Gewiß, Fremdenfeindlichkeit gab und gibt es überall in Europa – in England verhindert nur das Wahlsystem den Erfolg rassistischer Parteien, und in Frankreichs Süden wurden immer wieder Immigranten aus Nordafrika von Rassisten aus Zügen gestürzt. Aber: Deutschland war das erste Land des demokratischen Europa, in dem es nach dem Zweiten Weltkrieg zu Pogromen kam: Oder was waren die Ereignisse von Hoyerswerda und Rostock sonst?
Der Aufstieg der Grünen und die schier endlose Kanzlerschaft Helmut Kohls mit seiner widersprüchlichen Einheit von Nationalismus und Europäismus waren jedoch nicht nur parallele Phänomene, sie hingen auch innerlich zusammen: Der zeitliche Zusammenfall des politischen Endes von Kohl mit dem unwiderruflichen Ende der Grünen als Träger des Protests an der Regierung bestätigen das.
Vierter Bruch: Das institutionelle Ende des deutschen Nationalstaats und der Kampf um eine neue Bürgernation. Während die seit Herbst vorigen Jahres amtierende rot-grüne Koalition selbstbewußter als ihre Vorgängerregierung die ökonomischen Interessen des Landes wahrnimmt, ist mit der Einführung des Euro und den vom Wähler nicht kontrollierten Richtlinien der Europäischen Kommission die klassische Demokratie (nicht nur) bei uns bedroht. Das möge nicht als Alarmismus mißverstanden werden; Grund- und Menschenrechte bleiben erhalten.
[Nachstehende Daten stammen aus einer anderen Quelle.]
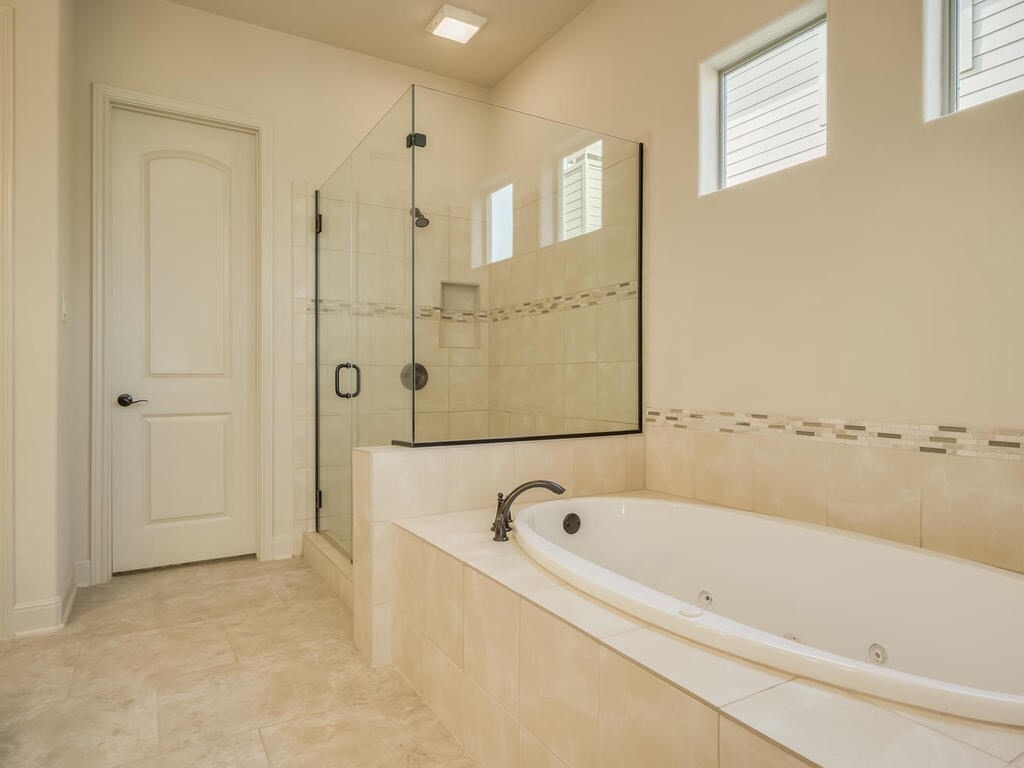 12912 Schleicher Trail Austin, TX 78732 - Photo 20 of 39 a bathroom with a bathtub and shower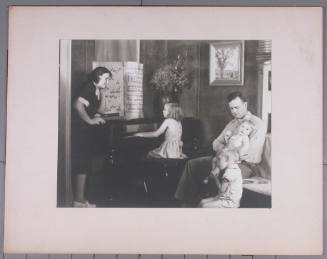 Unidentified Portrait of a Family  Around a Piano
Das mag zwar liberal sein – aber auch demokratisch?
Immerhin verabschiedet sich die Bundesrepublik – mit ihrer neuen Regierung – durch die revolutionäre Änderung des Staatsbürgerschaftsrechts von ihrem Selbstverständnis als Abstammungsnation zur Willensgemeinschaft. Ähnlich wie in den siebziger Jahren, zur Zeit der Ostverträge, mobilisiert eine geschwächte Union den Mob. Es bleibt zu hoffen, daß diese Aktionen nicht einer neuen Generation von Rechtsextremisten Vorschub leisten werden.
Aber auch wenn die Neuregelung des Staatsbürgerschaftsrechts gelingen sollte: Wie die Deutschen die paradoxe Gleichzeitigkeit einer neuen inklusiven Staatsbürgernation mit der Form eines seine demokratische Souveränität zurücknehmenden Nationalstaats vereinen werden, bleibt ungewiß.
Das mörderische Erbe des Dritten Reiches soll offenbar nicht vergessen werden, allen Hoffnungen aus dem rechtskonservativen Lager zum Trotz. Kürzlich erst setzte sich die wiedervereinigte Nation anläßlich der Friedenspreisrede Martin Walsers und der Debatte um das Berliner Mahnmal für die Holocaustopfer noch einmal mit ihrer nationalsozialistischen Vergangenheit auseinander. Unabsehbar ist noch, ob sich die Bundesrepublik nach fünfzig Jahren für nationales Glück oder für ein Selbstverständnis universeller historischer Verantwortung entscheiden wird.